As it should be. John D’Angelico was the preeminent archtop builder of his time, and he served as mentor to Jimmy D’Aquisto, who with D’Angelico’s passing in 1964, became the premier builder of his own time.
So it was with due skepticism that we approached two of the guitars that today carry the D’Angelico name – a single-cutaway semi-hollowbody and a single-cutaway solidbody.
New Jersey-based D’Angelico Guitars of America contracts construction of the instruments to the Vestax Corporation, of Japan, and today’s D’Angelico line parallels John’s concepts, but with a decidedly modern twist. And the list prices of these guitars reflect the fact that although they are not U.S.-made, they surrender little when one applies the term “meticulous craftsmanship.”
Our first trial involved an NYSS-3 model semi-hollowbody with a 143/4″ x 13/4″ body featuring a solid German spruce top, flame-maple sides and back, and multi-ply black and white binding on the top, back, and around the f-holes.
The 243/4″-scale maple neck is topped with a flat-radius ebony fingerboard with mother-of-pearl inlays and multi-ply binding. The bound peghead is very reminiscent of the original, with an art deco truss rod cover, a MOP skyscraper inlay, and gold finish.
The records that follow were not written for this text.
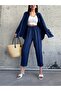 Women's Beige Oversize Linen Shirt and Trousers Top-Top Set - 3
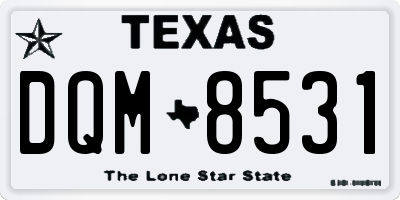 TX license plate DQM8531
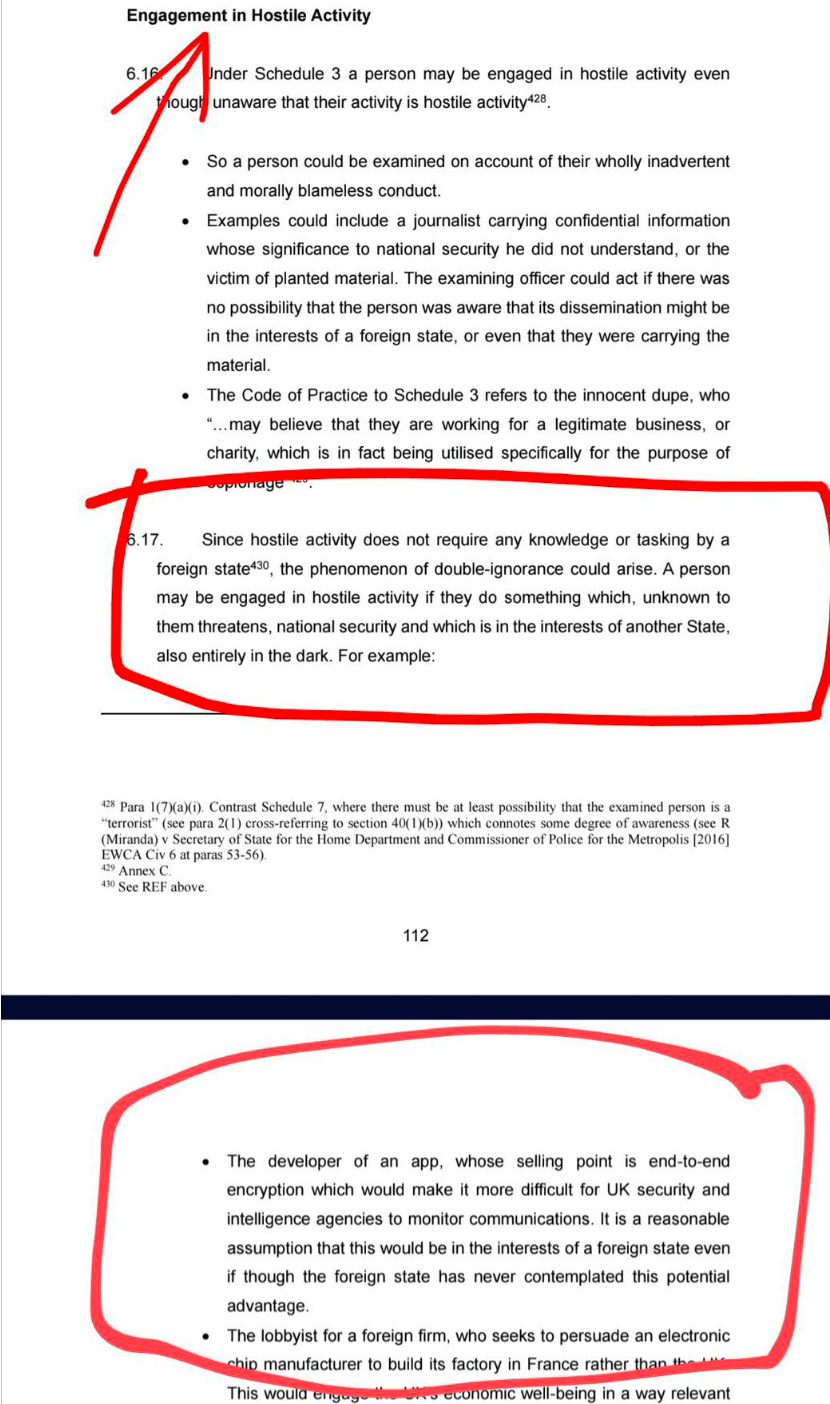 Under British and UK Legislation anyone using or developing end-to-end encryption is now a “hostile actor”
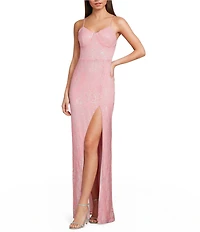 Dear Moon Sequin Patterned Sweetheart Neck Side Slit Dress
All hardware is gold, including the Grover Imperial tuners, a tune-o-matic-style bridge, stairstep trapeze tailpiece, and knurled knobs with tortoiseshell inserts (even the form-fit alligator tolex case has heavy gold latches!).
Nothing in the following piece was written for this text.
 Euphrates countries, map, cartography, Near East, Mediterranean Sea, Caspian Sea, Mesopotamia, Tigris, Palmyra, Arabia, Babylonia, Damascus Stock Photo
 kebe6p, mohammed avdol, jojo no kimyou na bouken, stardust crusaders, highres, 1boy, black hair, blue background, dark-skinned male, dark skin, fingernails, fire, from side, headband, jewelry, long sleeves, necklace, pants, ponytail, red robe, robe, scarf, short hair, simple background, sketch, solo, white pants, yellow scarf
We also tried the NYSD-9, which had many of the same features (binding, gold hardware, inlays, and the same neck and headstock) but with a gorgeous rich amber AAA flame maple top, solid mahogany body (even the control covers), and gold-plated aluminum stop tailpiece.
Both guitars played effortlessly, with very low action and slim, comfortable C-shaped neck profiles. The highly polished medium frets were perfectly leveled, making bends easy and the sustain outstanding – even acoustically.
Electronically, the guitars are very similar, with dual humbuckers, two volume controls, two tone controls, and a three-way toggle. We tested both through several amps – combos to half-stacks – and we were pleased; the NYSS-3 offered an outstanding blues/jazz tone with just the right amount of midrange pop, very well balanced with great note separation and sustain. The NYSD-9 sounded surprisingly darker, but shared the same note separation and sustain. The taper of the pots was smooth and very well-graduated, making them a useful tool – not just decoration, like we’ve seen on many other guitars.
Our only nit to pick would be with the lack of shielding in the control cavity, which made for some noise when playing with heavier distortion.
Overall, though, today’s D’Angelicos offer a very positive experience in terms of sound, feel, construction, component quality, and of course, play.
D’Angelico NYSS-3 and NYSD-9
Type of Guitar: Solidbody and semi-hollowbody electrics.
Features: Meticulous craftsmanship, high-quality materials, high-end appointments and components. Tops of German Spruce (NYSS-3) and AAA flame maple (NYSD-9), flame-maple sides and back, multi-ply binding on top, back, and f-holes (NYSS-3).
Price: $3,700 and $4,200 retail (with hardcase).